This is a rather interesting case:
>>> def func():
... exec('print "hi from func"')
... def subfunction():
... return True
...
File "<stdin>", line 2
SyntaxError: unqualified exec is not allowed in function 'func' because
it contains a nested function with free variables
The reason why this doesn't work indeed is that subfunction
contains a free variable, and since in Python 2, exec
could theoretically modify the locals in the containing scope, it would be impossible to decide if the variable should be bound from the global or the parent function scope.
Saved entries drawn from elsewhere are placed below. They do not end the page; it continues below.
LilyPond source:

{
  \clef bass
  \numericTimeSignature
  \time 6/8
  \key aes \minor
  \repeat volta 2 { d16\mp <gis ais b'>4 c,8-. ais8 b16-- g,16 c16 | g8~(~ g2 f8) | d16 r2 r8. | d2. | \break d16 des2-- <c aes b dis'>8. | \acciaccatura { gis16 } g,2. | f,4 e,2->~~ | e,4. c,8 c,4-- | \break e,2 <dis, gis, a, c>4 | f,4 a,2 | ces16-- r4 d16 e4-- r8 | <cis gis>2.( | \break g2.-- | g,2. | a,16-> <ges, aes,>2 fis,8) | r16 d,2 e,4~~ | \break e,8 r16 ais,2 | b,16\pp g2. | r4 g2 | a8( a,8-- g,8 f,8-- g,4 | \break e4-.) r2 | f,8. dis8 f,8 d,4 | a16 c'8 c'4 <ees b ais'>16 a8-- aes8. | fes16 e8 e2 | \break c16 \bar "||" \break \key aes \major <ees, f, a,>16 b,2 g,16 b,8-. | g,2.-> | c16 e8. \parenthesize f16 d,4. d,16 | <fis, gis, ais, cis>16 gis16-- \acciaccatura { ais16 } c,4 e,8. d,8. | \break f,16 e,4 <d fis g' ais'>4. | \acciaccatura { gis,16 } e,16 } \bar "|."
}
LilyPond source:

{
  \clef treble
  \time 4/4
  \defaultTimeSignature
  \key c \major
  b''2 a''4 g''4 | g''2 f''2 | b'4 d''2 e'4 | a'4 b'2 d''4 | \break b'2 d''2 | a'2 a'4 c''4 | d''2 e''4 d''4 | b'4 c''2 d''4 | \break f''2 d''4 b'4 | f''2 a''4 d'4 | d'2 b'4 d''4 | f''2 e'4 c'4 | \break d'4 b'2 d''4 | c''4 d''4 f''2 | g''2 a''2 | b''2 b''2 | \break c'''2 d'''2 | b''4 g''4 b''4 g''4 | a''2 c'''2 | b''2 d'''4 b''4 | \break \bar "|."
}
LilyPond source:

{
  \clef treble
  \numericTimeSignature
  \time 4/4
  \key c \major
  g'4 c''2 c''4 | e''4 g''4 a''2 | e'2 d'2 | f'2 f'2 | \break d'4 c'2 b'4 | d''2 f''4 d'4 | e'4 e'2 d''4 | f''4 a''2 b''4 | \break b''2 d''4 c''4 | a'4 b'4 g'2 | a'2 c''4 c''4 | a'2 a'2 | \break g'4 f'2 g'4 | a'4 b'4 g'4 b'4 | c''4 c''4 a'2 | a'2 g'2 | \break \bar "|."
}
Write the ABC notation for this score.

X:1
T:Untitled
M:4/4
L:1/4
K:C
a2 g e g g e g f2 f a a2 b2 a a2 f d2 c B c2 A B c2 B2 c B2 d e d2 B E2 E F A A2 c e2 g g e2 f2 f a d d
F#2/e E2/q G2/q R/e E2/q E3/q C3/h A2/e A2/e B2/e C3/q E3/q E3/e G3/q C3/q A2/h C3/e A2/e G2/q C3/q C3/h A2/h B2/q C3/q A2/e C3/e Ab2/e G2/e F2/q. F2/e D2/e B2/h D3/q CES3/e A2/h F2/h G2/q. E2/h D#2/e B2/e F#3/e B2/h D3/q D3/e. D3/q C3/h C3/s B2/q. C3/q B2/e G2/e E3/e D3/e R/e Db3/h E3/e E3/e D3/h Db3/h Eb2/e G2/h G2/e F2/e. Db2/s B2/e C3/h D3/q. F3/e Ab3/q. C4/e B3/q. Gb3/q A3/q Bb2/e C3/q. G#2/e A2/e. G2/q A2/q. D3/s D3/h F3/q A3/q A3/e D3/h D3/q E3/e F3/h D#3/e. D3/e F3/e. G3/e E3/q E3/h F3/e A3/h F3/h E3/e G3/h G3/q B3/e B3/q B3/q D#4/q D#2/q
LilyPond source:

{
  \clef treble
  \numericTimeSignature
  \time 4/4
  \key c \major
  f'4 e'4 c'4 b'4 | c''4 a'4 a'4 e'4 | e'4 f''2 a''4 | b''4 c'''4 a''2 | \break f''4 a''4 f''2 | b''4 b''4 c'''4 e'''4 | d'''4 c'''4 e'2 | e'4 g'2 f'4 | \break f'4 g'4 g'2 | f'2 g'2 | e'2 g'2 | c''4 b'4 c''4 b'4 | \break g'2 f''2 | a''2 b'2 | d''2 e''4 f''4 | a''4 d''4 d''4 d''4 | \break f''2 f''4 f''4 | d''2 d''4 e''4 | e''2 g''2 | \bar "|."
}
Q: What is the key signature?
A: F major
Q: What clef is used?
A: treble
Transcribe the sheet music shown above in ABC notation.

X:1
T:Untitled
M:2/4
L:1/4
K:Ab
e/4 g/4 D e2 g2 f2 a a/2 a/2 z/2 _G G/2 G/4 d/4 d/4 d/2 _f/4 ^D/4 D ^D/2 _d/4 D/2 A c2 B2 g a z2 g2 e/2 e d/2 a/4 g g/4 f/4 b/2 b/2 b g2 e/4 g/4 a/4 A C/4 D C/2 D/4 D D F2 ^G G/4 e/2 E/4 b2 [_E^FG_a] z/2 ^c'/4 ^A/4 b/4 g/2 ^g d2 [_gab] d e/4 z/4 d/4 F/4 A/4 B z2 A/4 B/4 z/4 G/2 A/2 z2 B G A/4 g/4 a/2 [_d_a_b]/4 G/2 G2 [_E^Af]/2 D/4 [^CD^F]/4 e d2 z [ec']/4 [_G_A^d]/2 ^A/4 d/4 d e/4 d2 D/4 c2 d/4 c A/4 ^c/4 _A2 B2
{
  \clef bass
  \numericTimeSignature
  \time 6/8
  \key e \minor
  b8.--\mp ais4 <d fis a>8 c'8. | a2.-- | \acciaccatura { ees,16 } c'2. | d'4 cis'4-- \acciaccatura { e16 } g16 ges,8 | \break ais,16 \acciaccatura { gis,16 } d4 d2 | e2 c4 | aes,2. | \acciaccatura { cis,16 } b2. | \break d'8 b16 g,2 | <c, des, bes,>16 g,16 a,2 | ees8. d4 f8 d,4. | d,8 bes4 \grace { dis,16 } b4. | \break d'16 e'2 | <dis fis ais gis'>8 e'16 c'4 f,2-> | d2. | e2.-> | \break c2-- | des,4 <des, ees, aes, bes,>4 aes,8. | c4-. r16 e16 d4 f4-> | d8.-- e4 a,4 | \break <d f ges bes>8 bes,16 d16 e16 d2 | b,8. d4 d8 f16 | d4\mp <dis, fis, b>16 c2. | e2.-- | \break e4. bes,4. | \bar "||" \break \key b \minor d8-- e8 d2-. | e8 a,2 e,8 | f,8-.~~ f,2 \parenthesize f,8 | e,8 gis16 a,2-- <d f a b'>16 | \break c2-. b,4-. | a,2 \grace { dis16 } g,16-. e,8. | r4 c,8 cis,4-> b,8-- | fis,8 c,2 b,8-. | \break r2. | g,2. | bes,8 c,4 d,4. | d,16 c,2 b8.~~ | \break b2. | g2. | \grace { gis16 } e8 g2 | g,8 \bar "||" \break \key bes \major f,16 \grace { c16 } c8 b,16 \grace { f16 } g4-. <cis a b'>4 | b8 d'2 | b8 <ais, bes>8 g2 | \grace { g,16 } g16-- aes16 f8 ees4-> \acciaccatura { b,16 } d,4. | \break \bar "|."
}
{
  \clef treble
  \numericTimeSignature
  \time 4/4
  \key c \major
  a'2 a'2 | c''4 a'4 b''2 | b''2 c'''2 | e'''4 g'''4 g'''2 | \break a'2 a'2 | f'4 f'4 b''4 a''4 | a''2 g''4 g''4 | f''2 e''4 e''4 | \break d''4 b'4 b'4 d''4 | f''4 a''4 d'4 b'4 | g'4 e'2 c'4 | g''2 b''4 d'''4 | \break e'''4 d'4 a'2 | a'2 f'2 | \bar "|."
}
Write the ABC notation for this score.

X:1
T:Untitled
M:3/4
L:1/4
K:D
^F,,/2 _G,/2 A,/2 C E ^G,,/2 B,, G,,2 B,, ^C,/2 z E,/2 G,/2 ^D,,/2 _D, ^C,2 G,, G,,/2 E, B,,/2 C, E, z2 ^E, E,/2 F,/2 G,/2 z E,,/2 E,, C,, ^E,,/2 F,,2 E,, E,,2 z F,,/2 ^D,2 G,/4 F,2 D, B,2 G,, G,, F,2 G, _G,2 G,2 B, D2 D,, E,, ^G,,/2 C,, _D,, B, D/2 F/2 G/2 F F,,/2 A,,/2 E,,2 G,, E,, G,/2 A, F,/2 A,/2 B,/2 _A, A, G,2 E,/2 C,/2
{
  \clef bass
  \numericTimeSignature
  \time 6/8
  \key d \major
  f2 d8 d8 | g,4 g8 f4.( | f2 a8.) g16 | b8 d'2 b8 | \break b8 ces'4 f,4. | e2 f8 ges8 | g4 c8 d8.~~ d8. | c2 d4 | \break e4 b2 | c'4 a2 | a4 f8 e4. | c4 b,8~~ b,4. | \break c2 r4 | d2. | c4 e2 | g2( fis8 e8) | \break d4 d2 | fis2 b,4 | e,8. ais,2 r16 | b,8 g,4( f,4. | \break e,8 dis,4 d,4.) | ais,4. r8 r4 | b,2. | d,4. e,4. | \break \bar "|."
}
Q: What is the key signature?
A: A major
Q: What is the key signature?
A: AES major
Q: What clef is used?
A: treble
One of the verses in the Zen of Python is "In the face of ambiguity, refuse the temptation to guess." and this is what Python 2 does.
Now the question is: what is this free (unbound) variable? Well, it is True
!
Indeed it is reproduceable with None
:
>>> def func():
... exec('print "hi from func"')
... def subfunction():
... return None
...
File "<stdin>", line 2
SyntaxError: unqualified exec is not allowed in function 'test2' because it contains a nested
function with free variables
Even though None
cannot be assigned to, and it is considered as a constant in the bytecode, the buggy parser thinks it is an unbound variable here.
But if you replace it with 1
and it works without problems:
>>> def test2():
... exec('print "hi from func"')
... def subfunction():
... return 1
...
>>>
To avoid this error, specify explicitly the globals and possibly locals that are to be used by exec
, say:
>>> def test2():
... exec 'print "hi from test2"' in {}
... def subfunction():
... return None
...
>>>
In Python 3, exec
is just a simple function and isn't handled specially by the parser or the bytecode compiler. In Python 3 exec
cannot rebind function-local names, and thus this SyntaxError and ambiguity doesn't exist.
One peculiar case in Python 2 vs 3 compatibility is that while Python 2.7 documentation states that
The form exec(expr, globals)
is equivalent to exec expr in globals
, while the form exec(expr, globals, locals)
is equivalent to exec expr in globals, locals
. The tuple form of exec
provides compatibility with Python 3, where exec
is a function rather than a statement.
The tuple form has not always been 100 % compatible, as there was a bug in handling of exec
in functions with nested functions (issue 21591); up to Python 2.7.8 the following code might have thrown an exception:
def func():
exec('print "hi from test2"', {})
def subfunction():
return None
This was fixed in Python 2.7.9 and it no longer throws.